The vast majority of evangelical Christians are digging in for Trump, despite accusations by a pornographic film star and a Playboy playmate that he had separate affairs with them shortly after his wife, Melania Trump, gave birth to their son.
Those controversies, paired with the multiple women who accused him of groping them before the election and his own boasts of sexual aggressions, have highlighted the unyielding support of a political bloc that once put moral behavior at the center of its political judgment.
“Now even the Christian culture is OK with it,” said Jim Daly, president of Focus on the Family, one of the nation’s largest evangelical groups. “That’s the sadness,” he added. “The next time a Democrat in the presidency has a moral failure, who’s going to be able to say anything?”
But Christian conservatives say Trump has also more than honored his end of the bargain that brought reluctant members of their ranks along during his presidential campaign. He has begun the process of moving the American Embassy in Israel to Jerusalem, won the confirmation of numerous judges and a Supreme Court justice who seem likely to advance their antiabortion cause, moved against transgender protections throughout the government, increased the ability of churches to organize politically, and personally supported the March for Life.

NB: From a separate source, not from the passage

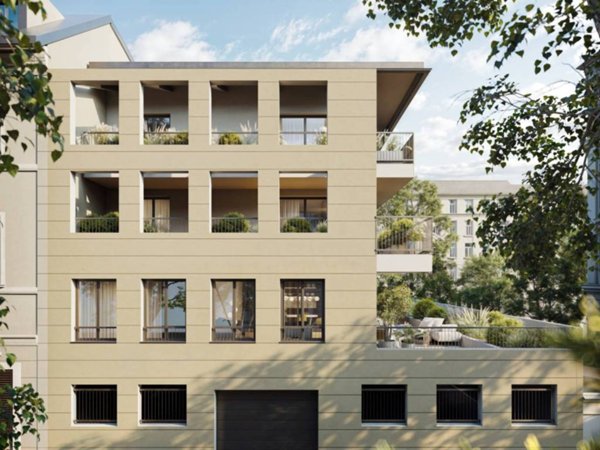 appartamento in vendita a Monza in zona Centro Storico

“I don’t know of anyone who has worked the evangelical community more effectively than Donald Trump,” said Ralph Reed, chairman of the Faith and Freedom Coalition, which this year plans to devote four times the money it spent in the 2014 midterms.
In essence, many evangelical leaders have decided that airing moral qualms about the president only hurts their cause.
“His family can talk to him about issues of character,” said Penny Young Nance, president of Concerned Women for America, an evangelical organization that is framing the midterm elections to potential donors as a civilizational struggle.
So far, the decision by most conservative evangelical leaders to double down on their support for Trump is playing out like most of the other moments when skeptics of the president believed he had finally undermined himself with his base.
A poll released last week by the Public Religion Research Institute found white evangelical approval for Trump at its highest level ever: 75 percent. Only 22 percent said they had an unfavorable view of the president.
Much as in the 2016 presidential campaign, Christian conservative events are designed to be highly visible and to convey the movement as one united voice. Hundreds of evangelical leaders plan to gather in June at the Trump International Hotel in Washington for a conspicuous show of support for Trump. The event will be part pep rally, part strategy session.